Parini, who spent last week in Cairo at a conference of Arab writers, relayed the message of Nobel Prize-winning writer Naguib Mahfouz, who told him that greatness in writing was more about circumstances than about the writer. "Societies in crisis often elicit great writing from their people," he elucidated.

"When a society is in a time of crisis, people look for controlled responses in language," Parini said. "In the wake of 9/11 there was tremendous disorder. Poetry is a rage against chaos and an attempt to come to terms with difficult experiences," he continued.

Since Sept. 11, Parini has written one poem relating directly to the attacks entitled "After the Terror." He chose to write a villanelle, a 19-line formal poem with strict rhyming and repetition patterns, in order to harness the "powerful emotions" he felt. "I had a lot of emotions that were chaotic, and that poem was suddenly like entering a clearing," he said.

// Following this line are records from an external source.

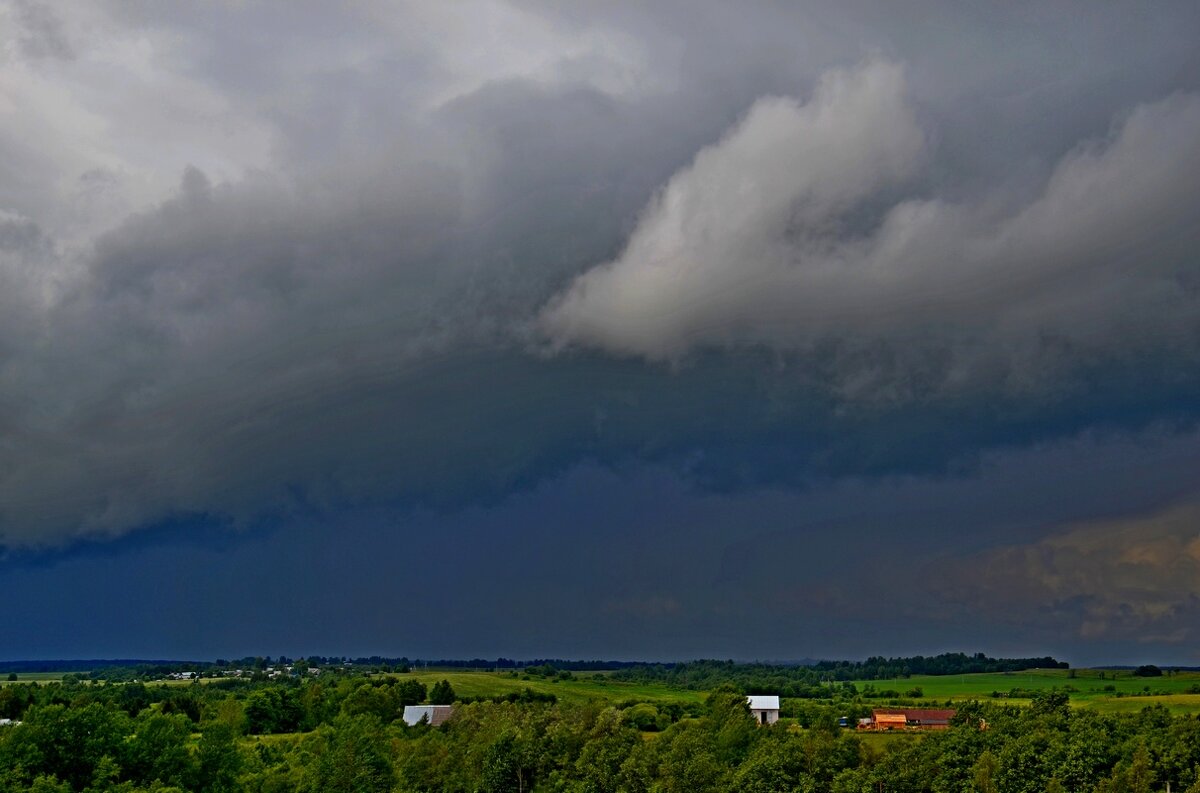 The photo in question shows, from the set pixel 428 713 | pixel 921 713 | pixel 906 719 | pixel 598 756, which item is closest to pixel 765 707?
pixel 906 719

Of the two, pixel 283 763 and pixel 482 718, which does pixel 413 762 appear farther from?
pixel 482 718

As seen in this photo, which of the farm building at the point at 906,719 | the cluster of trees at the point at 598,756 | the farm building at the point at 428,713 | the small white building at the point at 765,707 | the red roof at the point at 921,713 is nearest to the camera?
the cluster of trees at the point at 598,756

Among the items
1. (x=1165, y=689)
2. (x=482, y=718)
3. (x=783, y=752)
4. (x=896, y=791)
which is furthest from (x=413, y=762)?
(x=1165, y=689)

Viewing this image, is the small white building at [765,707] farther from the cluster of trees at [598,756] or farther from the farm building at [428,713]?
the farm building at [428,713]

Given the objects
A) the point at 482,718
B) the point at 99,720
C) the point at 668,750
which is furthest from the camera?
the point at 482,718

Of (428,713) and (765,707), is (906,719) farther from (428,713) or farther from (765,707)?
(428,713)

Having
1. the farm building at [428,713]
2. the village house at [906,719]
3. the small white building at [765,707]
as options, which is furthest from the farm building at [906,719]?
the farm building at [428,713] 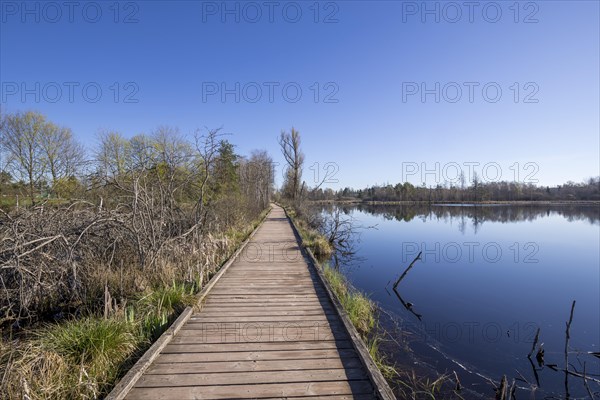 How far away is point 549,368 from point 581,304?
462 cm

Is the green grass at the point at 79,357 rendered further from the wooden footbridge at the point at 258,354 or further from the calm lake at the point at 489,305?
the calm lake at the point at 489,305

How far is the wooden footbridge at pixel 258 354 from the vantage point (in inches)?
106

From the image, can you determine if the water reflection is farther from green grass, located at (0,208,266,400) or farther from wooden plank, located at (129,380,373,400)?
wooden plank, located at (129,380,373,400)

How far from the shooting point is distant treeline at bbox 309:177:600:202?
238ft

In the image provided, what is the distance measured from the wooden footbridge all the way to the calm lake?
76.8 inches

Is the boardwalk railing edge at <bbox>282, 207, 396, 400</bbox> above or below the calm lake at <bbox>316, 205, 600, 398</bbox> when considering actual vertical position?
above

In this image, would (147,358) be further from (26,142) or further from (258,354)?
(26,142)

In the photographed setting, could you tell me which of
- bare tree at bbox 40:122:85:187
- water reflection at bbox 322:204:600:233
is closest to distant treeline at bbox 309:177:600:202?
water reflection at bbox 322:204:600:233

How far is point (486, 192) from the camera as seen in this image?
71625 millimetres

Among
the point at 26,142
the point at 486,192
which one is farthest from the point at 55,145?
the point at 486,192

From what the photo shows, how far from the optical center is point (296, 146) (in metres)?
34.0

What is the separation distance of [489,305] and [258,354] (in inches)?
282

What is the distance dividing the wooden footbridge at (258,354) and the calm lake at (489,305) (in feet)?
6.40

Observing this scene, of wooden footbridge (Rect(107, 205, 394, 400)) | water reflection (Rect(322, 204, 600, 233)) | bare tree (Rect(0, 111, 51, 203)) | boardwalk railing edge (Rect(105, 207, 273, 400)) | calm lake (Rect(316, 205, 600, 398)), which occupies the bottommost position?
calm lake (Rect(316, 205, 600, 398))
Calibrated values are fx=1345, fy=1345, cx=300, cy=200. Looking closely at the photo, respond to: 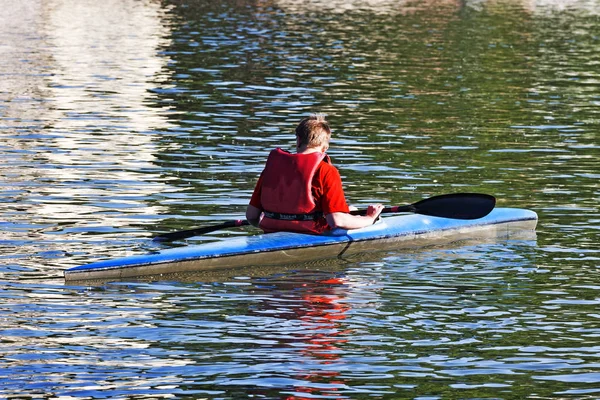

Although relatively few poems about Sept. 11 and its repercussions have been published in touchstone literary fora such as The New Yorker and The Atlantic Monthly, Parini predicted that more pieces in response to the crisis would emerge in the coming months. "Things like this take time to process," he said. "You can't control, you can't predict art. It happens when it happens. It's just one of those mysteries."

From middle school students who pinned their poetic tributes to makeshift monuments in downtown Manhattan to established poets who have published their pieces in notable magazines, all writers of poetry who have responded to this generation-defining moment have helped to stage a "momentary stay" against the chaos that erupted suddenly on that brisk morning in September.